Aim of the task
Transcribe the full listing exactly, and drop every picture.

The data
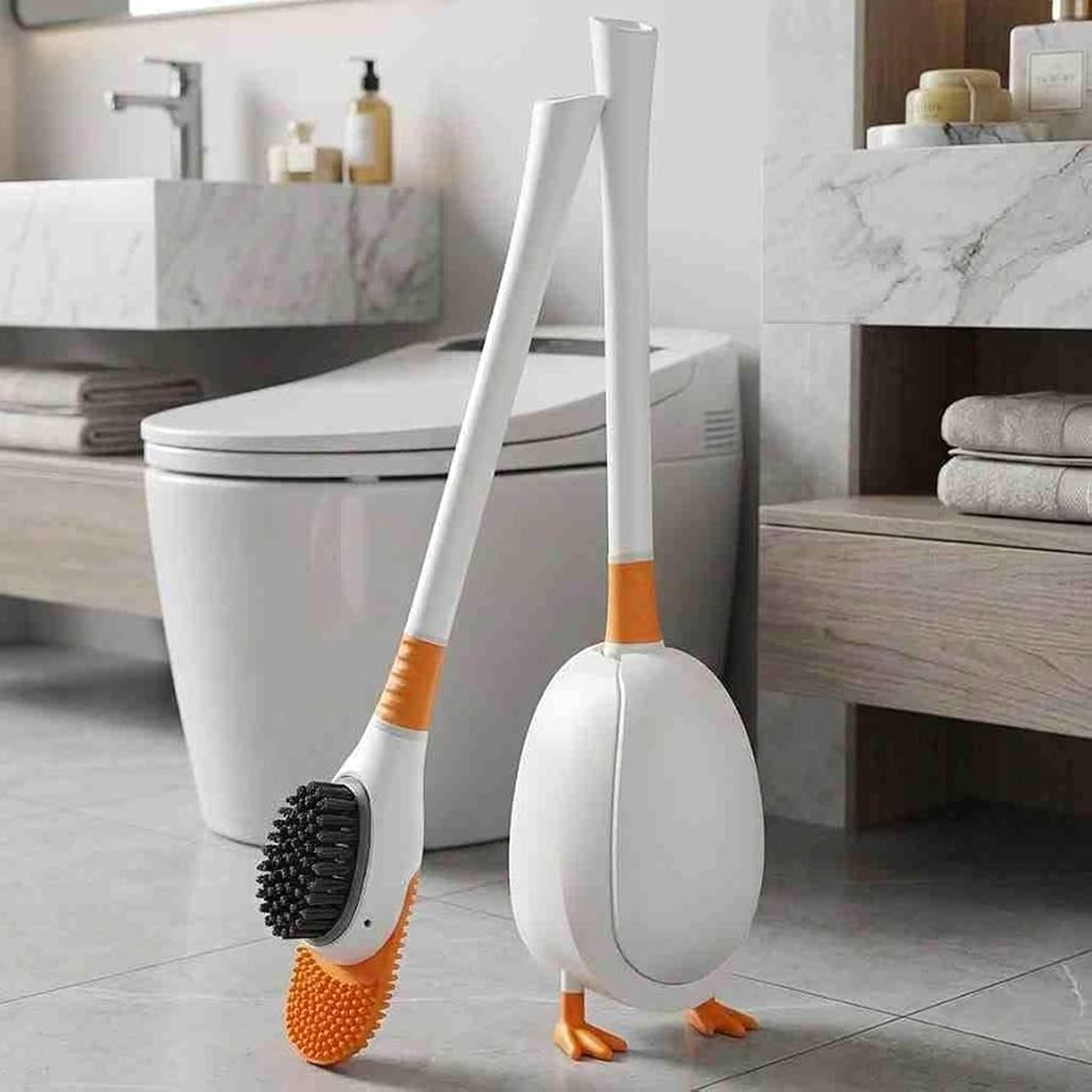 Cute Duck Silicone Toilet Brush Set 360 Flexible Deep Cleaner With Holder 4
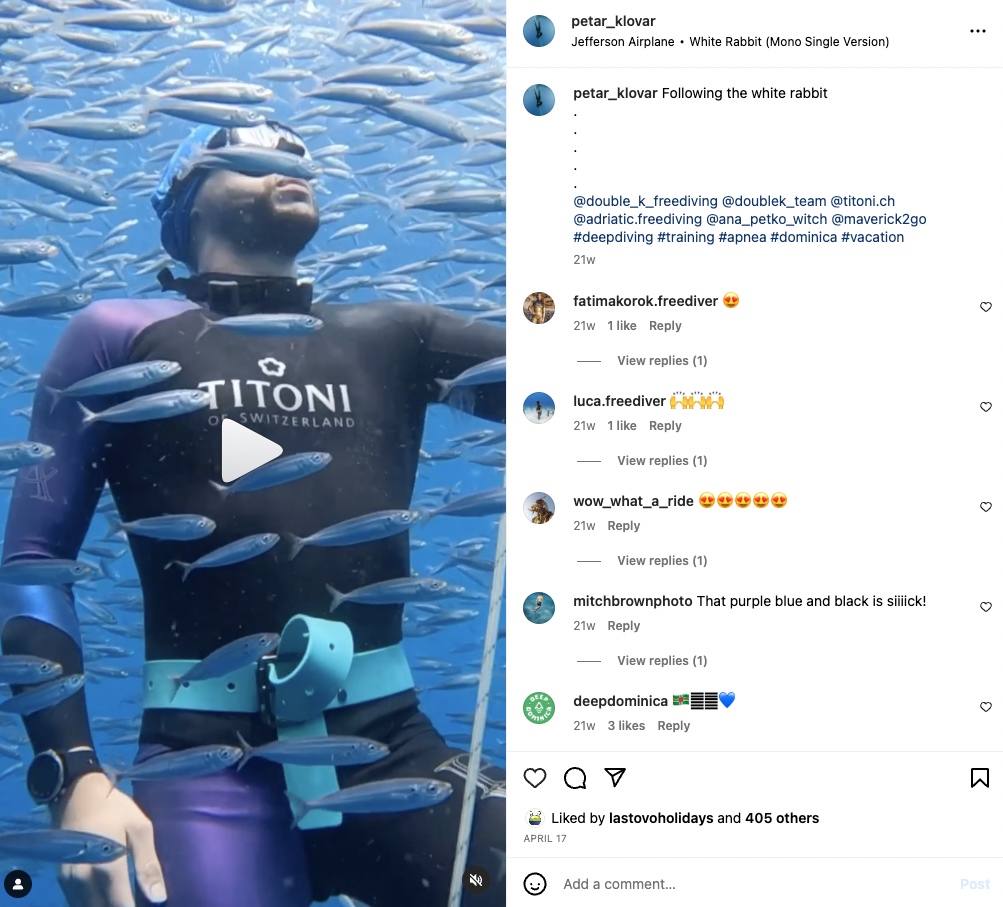 Vídeo de apnea de Petar Klovar en Instagram a la izquierda y comentarios a la derecha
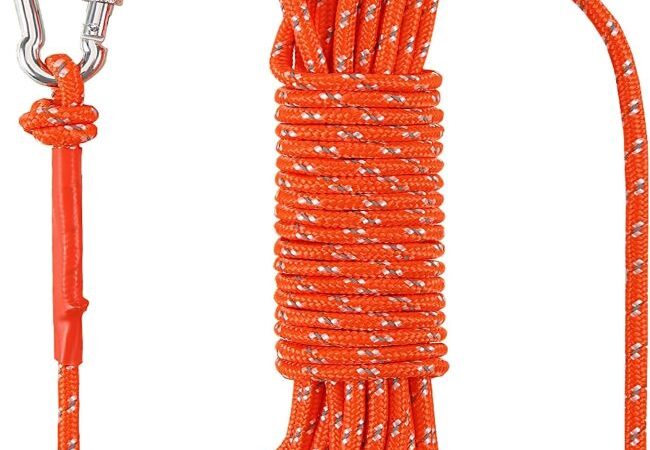 NorthPada 6mm x 32ft orange marine floating rope for boating, fishing, and outdoor rescue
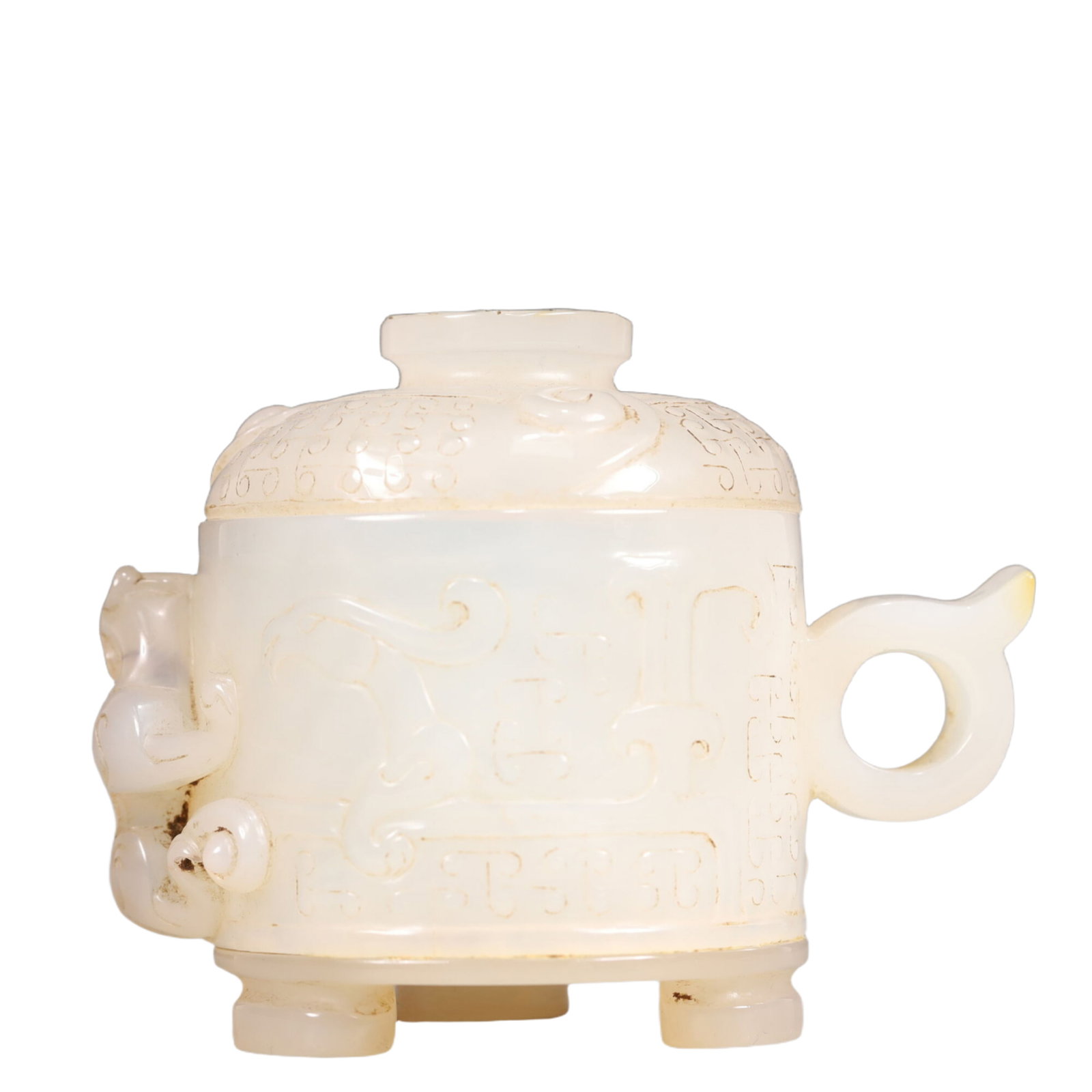 An Exquisite Agate Beast-Face Pattern Tripod Cup - 5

Response to this task
 Cute Duck Silicone Toilet Brush Set 360 Flexible Deep Cleaner With Holder 4
 Vídeo de apnea de Petar Klovar en Instagram a la izquierda y comentarios a la derecha
 NorthPada 6mm x 32ft orange marine floating rope for boating, fishing, and outdoor rescue
 An Exquisite Agate Beast-Face Pattern Tripod Cup - 5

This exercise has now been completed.